(Work to be completed)
Exclude every picture. Output verbatim the lines from the one containing "Topping gluten free" to the end of the data.

(Information shown)

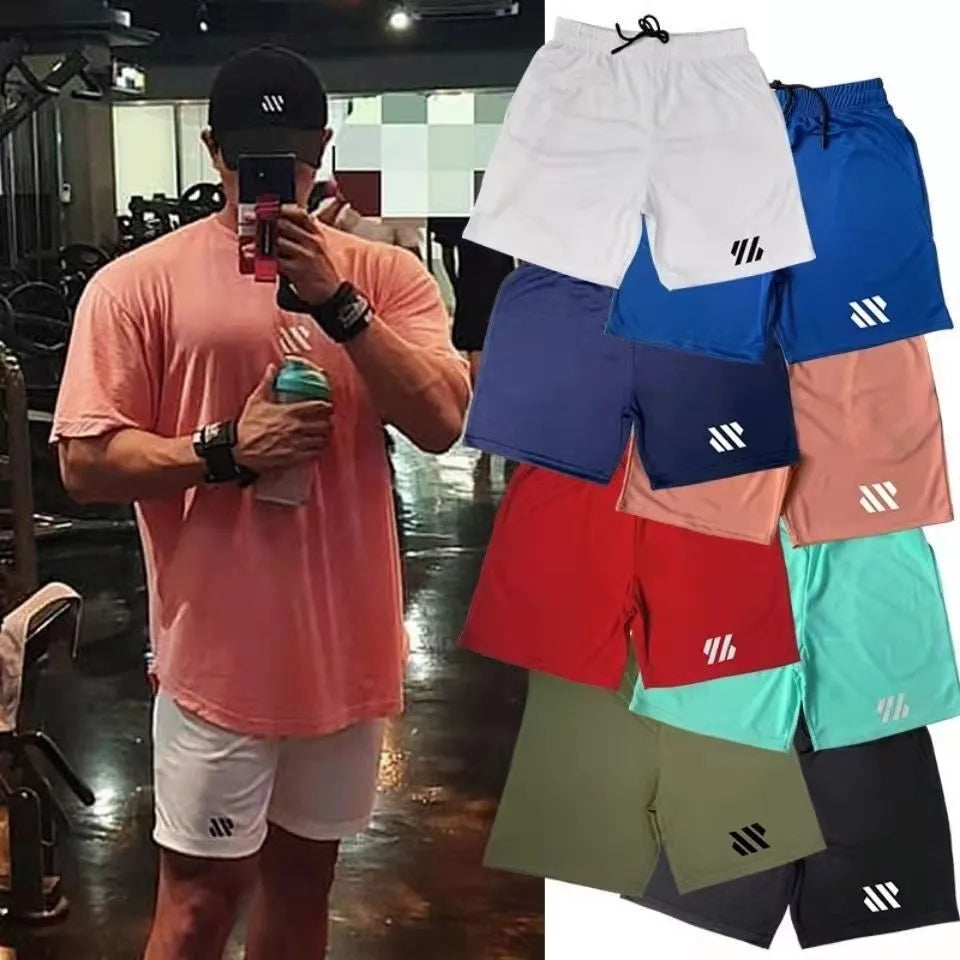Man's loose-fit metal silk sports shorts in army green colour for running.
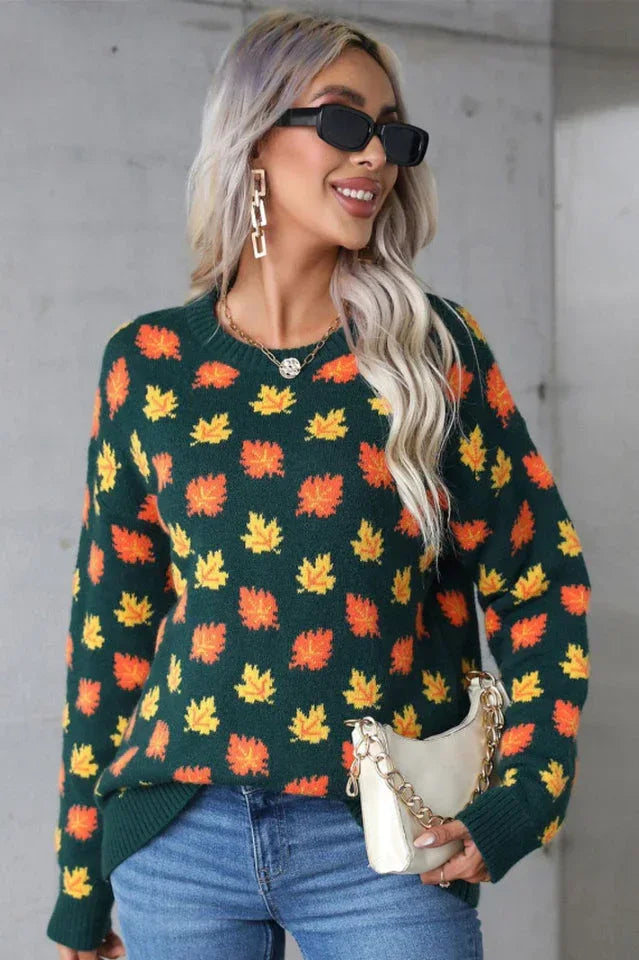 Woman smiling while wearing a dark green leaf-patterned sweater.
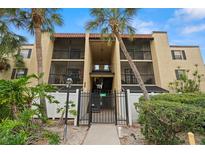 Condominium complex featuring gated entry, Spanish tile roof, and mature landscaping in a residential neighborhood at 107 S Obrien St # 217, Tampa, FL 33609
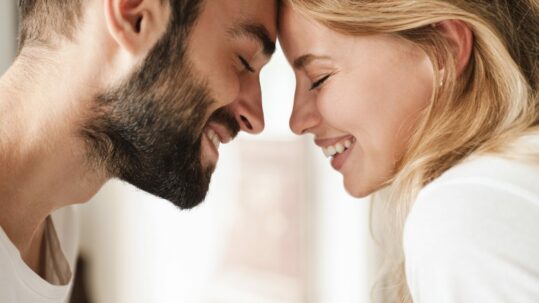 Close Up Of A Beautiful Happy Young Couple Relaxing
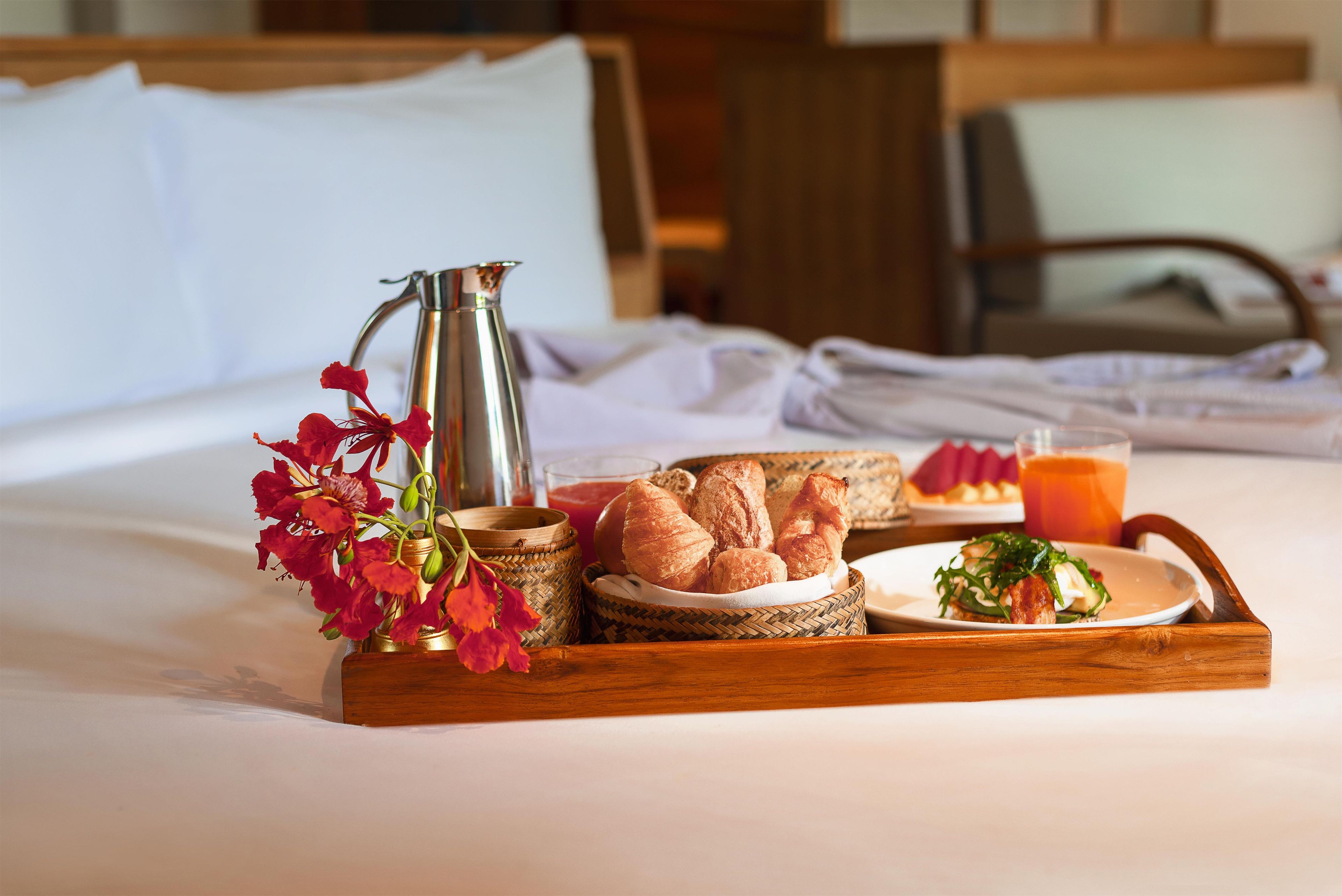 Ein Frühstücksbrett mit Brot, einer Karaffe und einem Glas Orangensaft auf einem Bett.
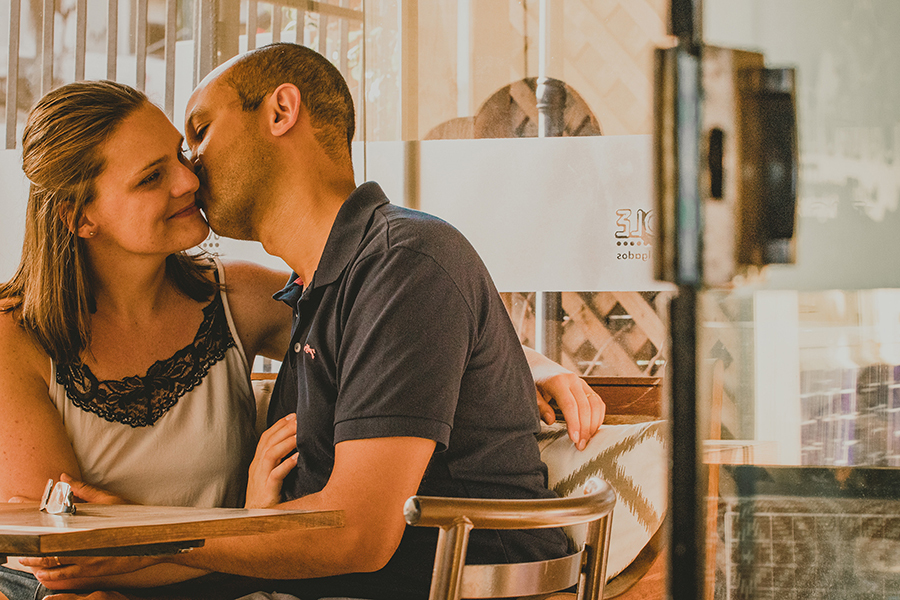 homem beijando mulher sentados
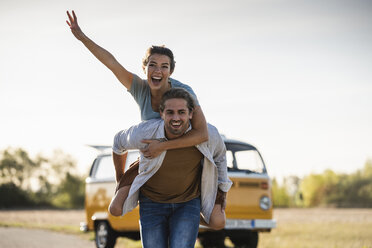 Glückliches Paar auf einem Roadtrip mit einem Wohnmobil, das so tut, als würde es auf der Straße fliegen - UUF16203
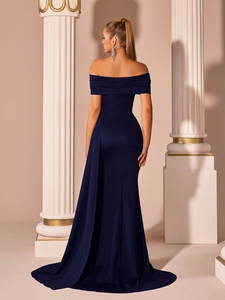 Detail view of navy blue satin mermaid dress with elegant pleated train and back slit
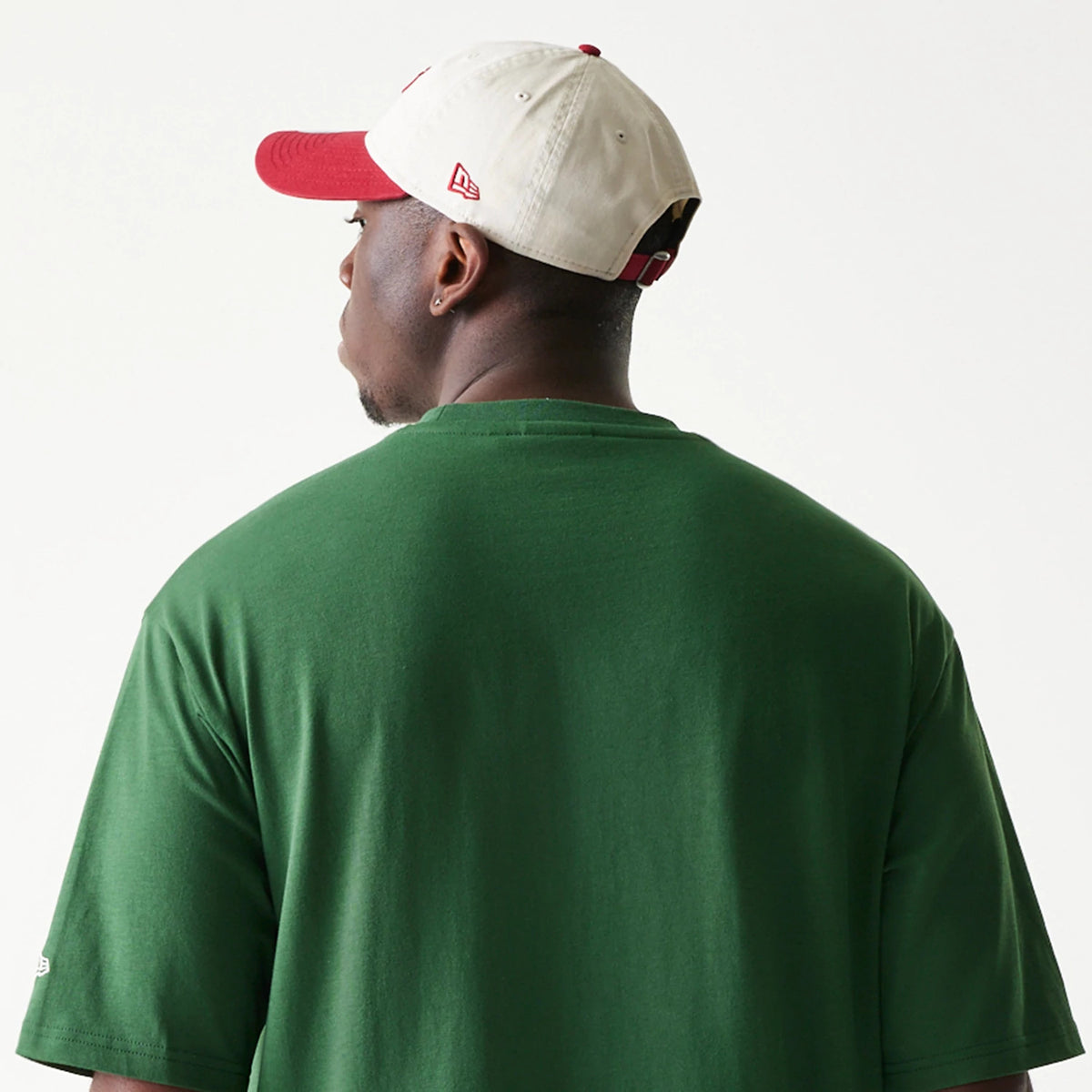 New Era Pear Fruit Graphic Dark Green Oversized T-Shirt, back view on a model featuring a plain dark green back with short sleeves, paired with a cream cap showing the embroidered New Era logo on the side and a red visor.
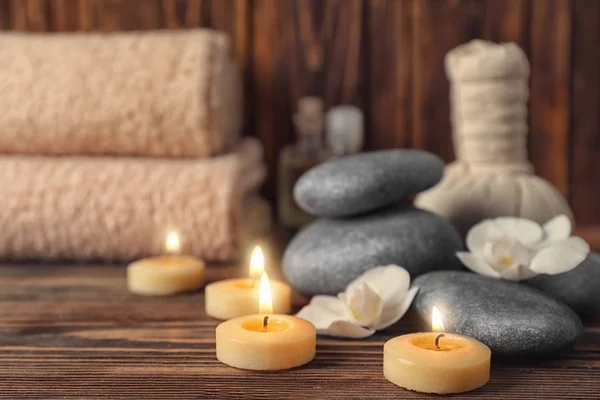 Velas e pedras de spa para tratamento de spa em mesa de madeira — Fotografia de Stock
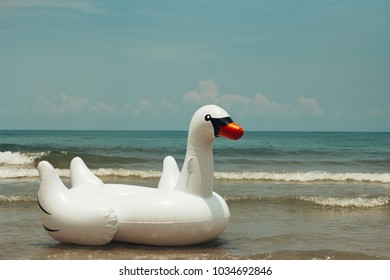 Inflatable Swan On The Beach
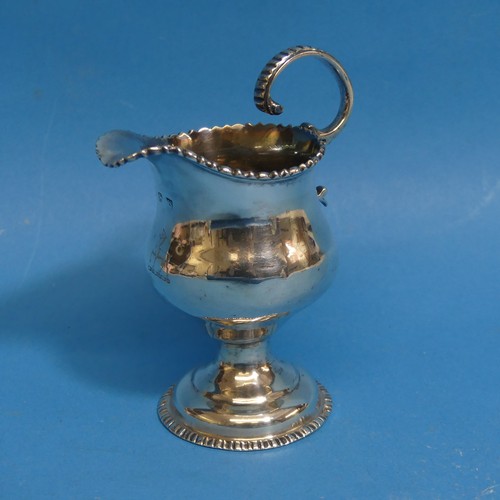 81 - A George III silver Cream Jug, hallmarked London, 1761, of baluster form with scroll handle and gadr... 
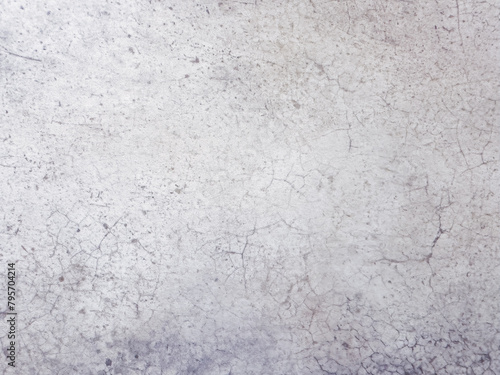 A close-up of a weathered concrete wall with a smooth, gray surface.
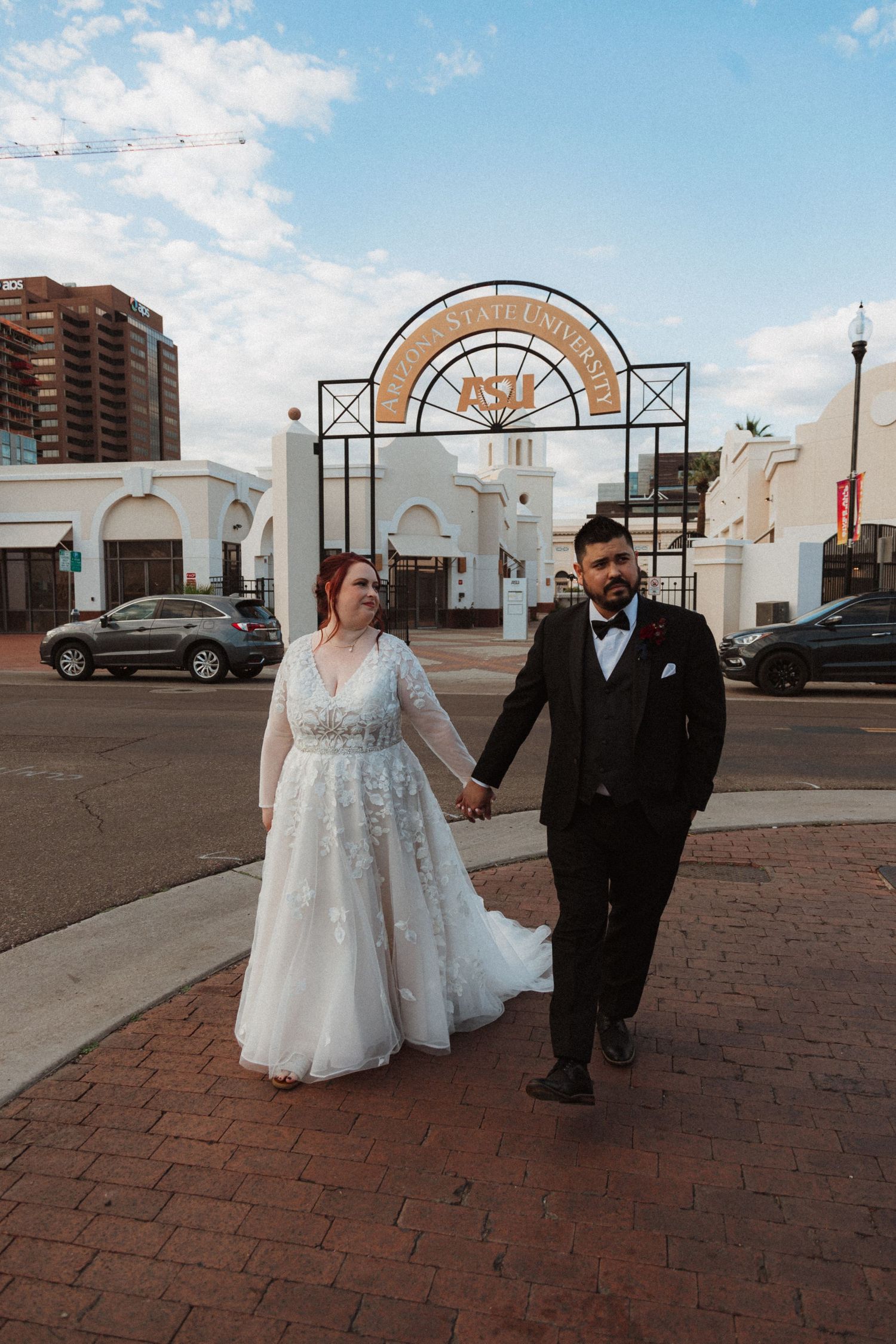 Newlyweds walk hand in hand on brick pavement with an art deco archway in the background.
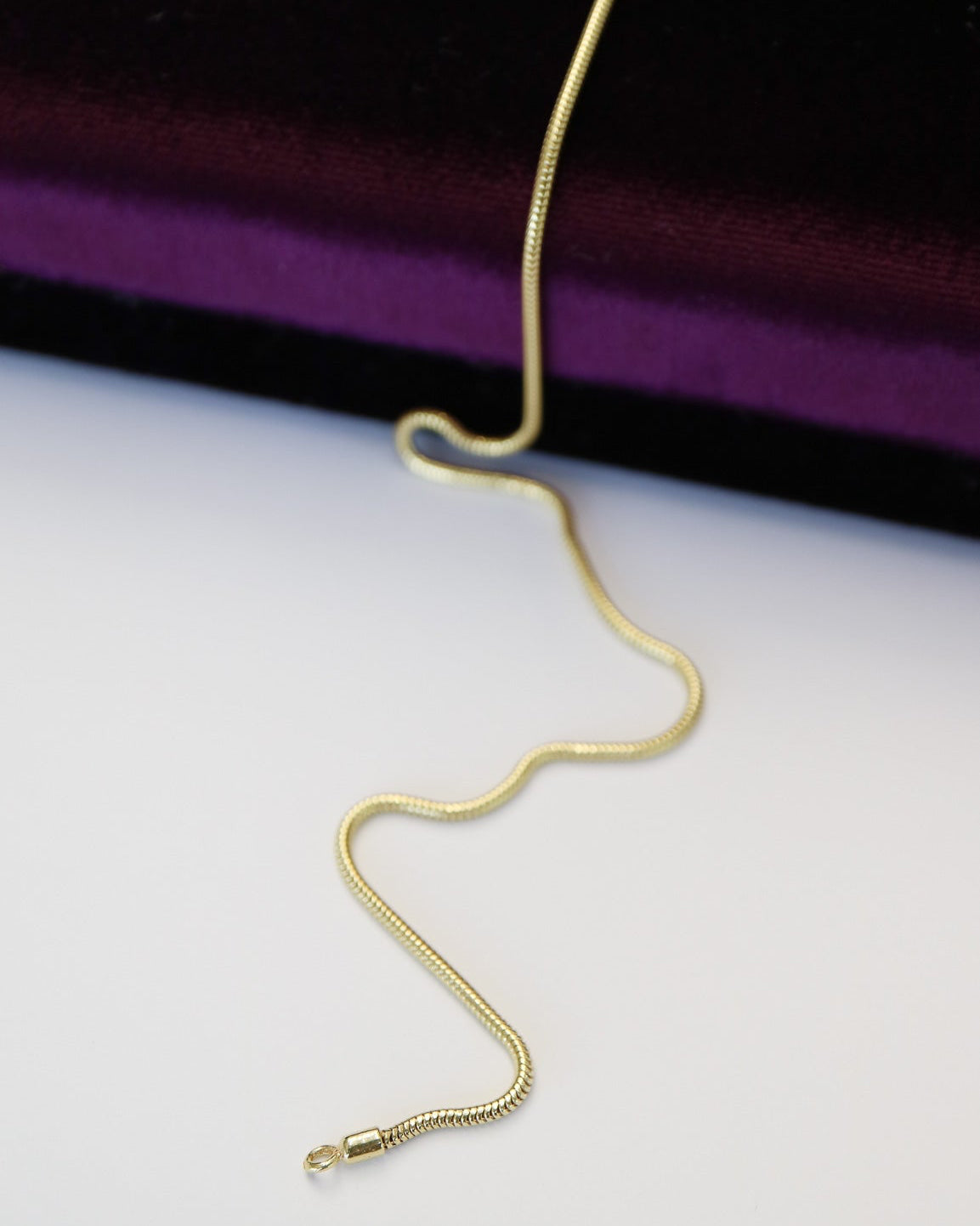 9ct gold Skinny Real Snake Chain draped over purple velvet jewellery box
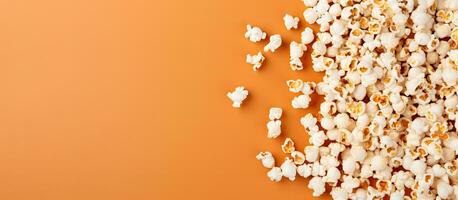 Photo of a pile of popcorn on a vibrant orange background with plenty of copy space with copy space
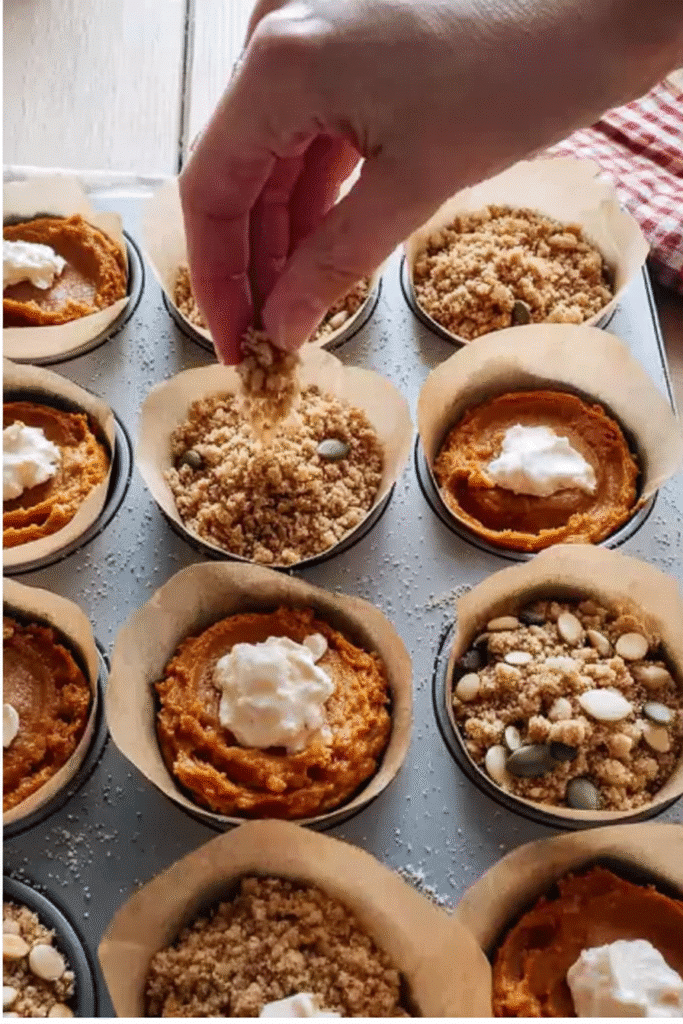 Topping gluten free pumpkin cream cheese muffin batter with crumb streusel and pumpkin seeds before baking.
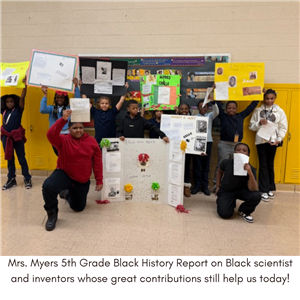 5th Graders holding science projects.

(Answer space)
 Topping gluten free pumpkin cream cheese muffin batter with crumb streusel and pumpkin seeds before baking.
 5th Graders holding science projects.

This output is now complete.